| Your assignment |
Exactly the lines from the line that has "Minecraft. Creeper Face Mug (236 )" through the final line below are to be retyped, and the pictures are not.

| Dataset content |
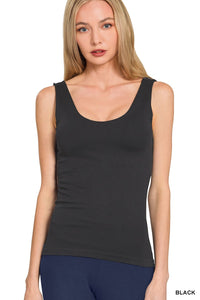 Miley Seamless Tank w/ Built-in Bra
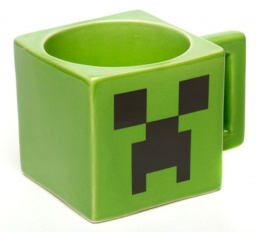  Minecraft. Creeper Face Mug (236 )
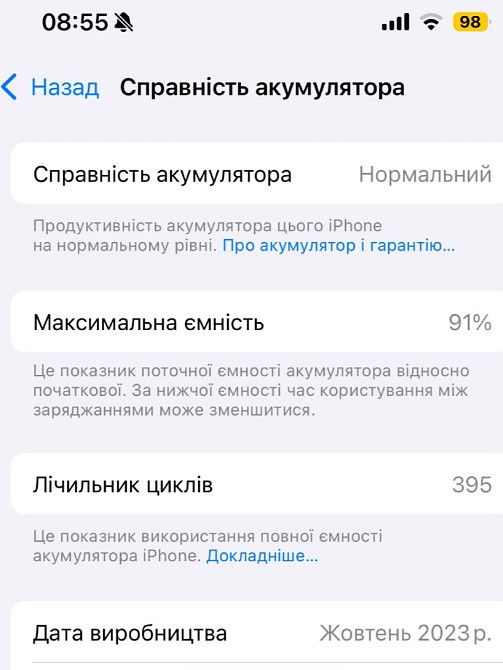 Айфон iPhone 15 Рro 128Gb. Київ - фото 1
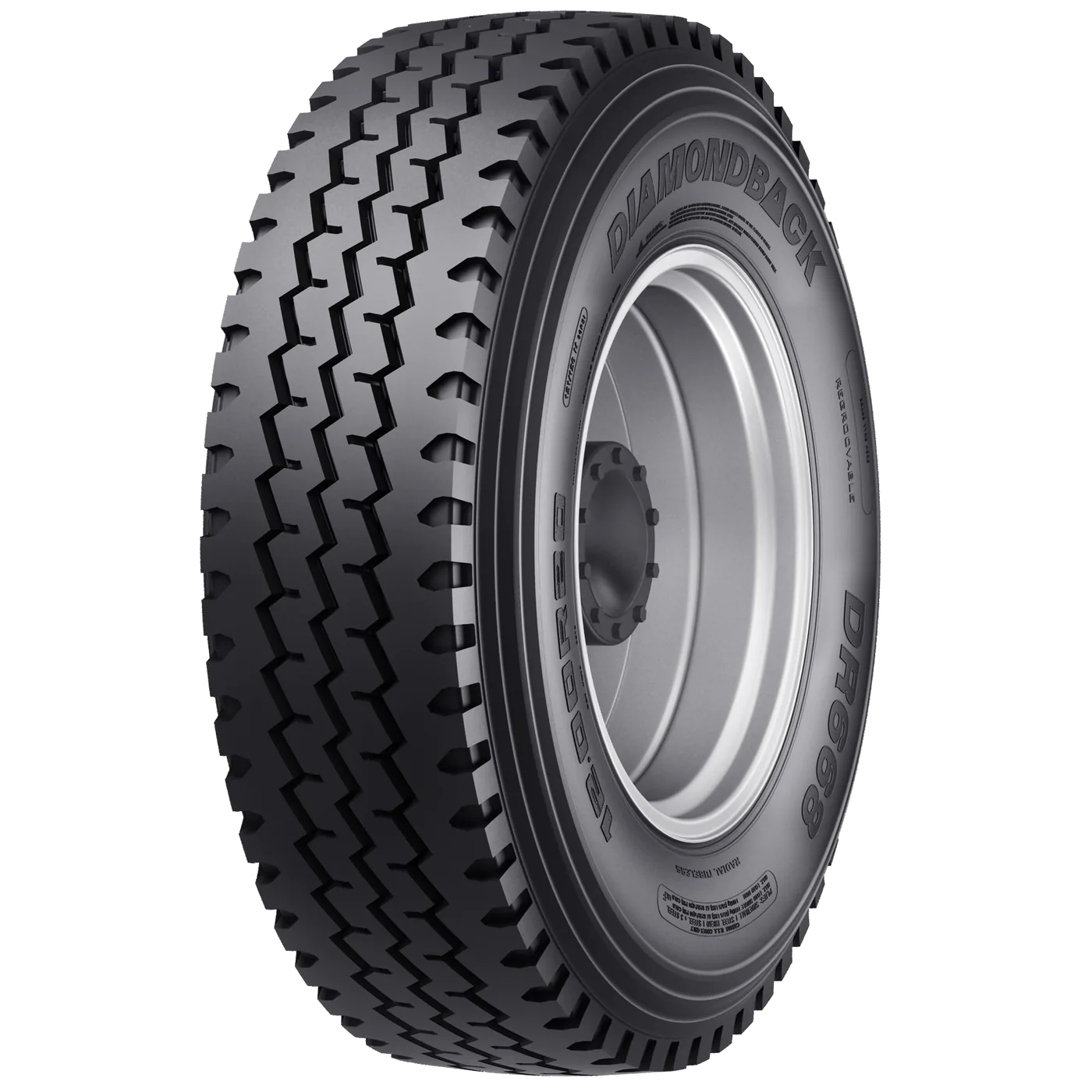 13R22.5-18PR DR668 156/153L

| Finished task |
  Minecraft. Creeper Face Mug (236 )
 Айфон iPhone 15 Рro 128Gb. Київ - фото 1
 13R22.5-18PR DR668 156/153L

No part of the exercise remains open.